Herstellerneutrale Unabhängigkeit: Keine Tool-Partnerschaften, keine Wiederverkaufsvereinbarungen. Unsere Empfehlungen basieren ausschließlich auf dem Nutzen für Ihre Softwarequalität.
Risiko-First-Assessment: Explizite Bewertung der Risiken, die AI einführt, im Gegensatz zu AI-begeisterten Beratungen, die sich ausschließlich auf Chancen konzentrieren.

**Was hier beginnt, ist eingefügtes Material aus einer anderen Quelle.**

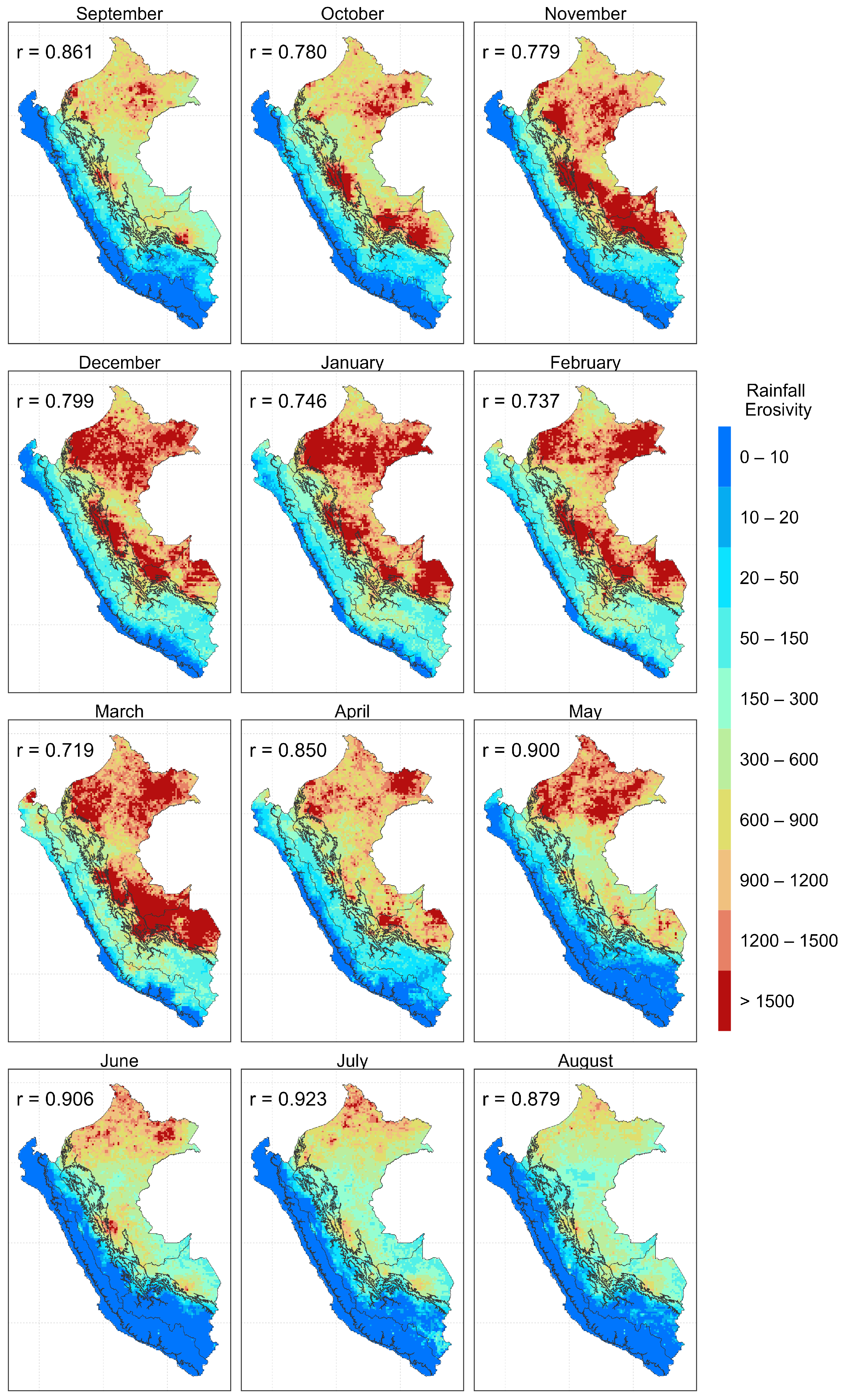 Remotesensing 15 05432 g009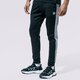 Vyriškos kelnės ADIDAS SUPERSTAR JOGGERS  gf0210 spalva juoda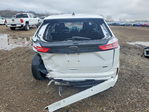 Ford Edge 2024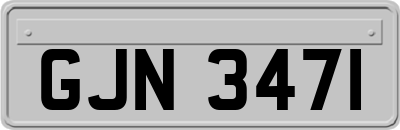 GJN3471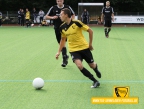 20150927_1herren_peckelsheim_375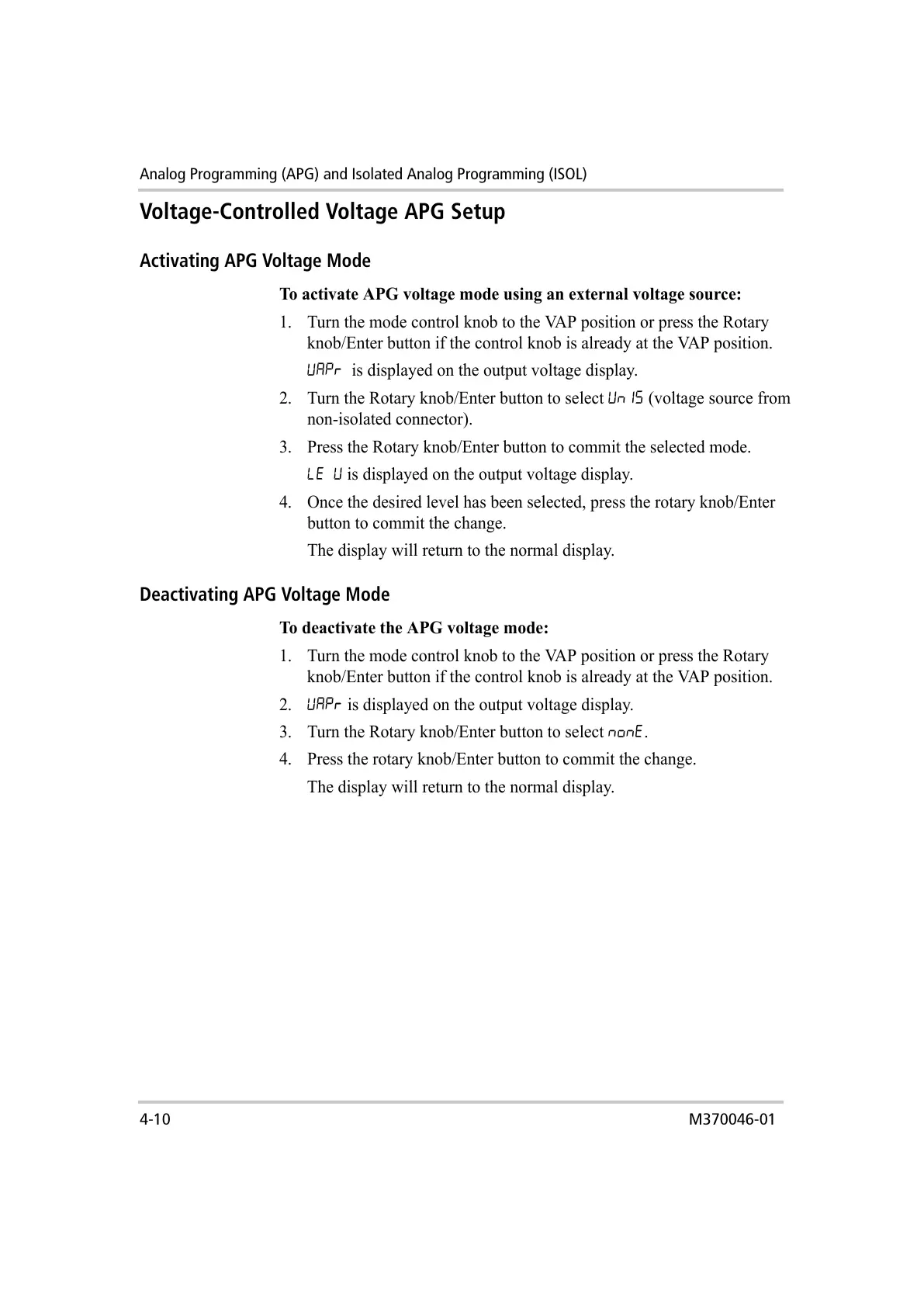 Page #102 background image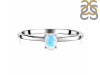 Moonstone Ring RBM-RDR-2507.
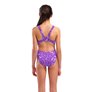 Maillot de bain fille 1 pièce ARENA GIRL'S ARENA ESCAPE SWIMSUIT SWIM TECH L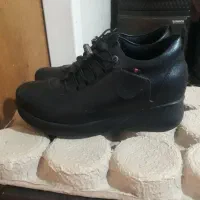 فروش کفش|کیف، کفش، کمربند|کرمانشاه, |دیوار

Regulatorische Klarheit: Klare Zuordnung zu den Compliance-Anforderungen von EU AI Act, NIS2, CRA und DSGVO für Ihre AI-gestützten Softwareprozesse.
Messbare Wirkung: Eine Qualitäts-Baseline und ein Metriken-Framework, mit dem Sie die Auswirkungen von AI auf Ihren SDLC über die Zeit verfolgen können.
Prozessexpertise statt reinem Tool-Wissen: Zertifizierte Consultants mit jahrzehntelanger Erfahrung in der Optimierung genau jener SDLC-Prozesse, die AI jetzt verändert.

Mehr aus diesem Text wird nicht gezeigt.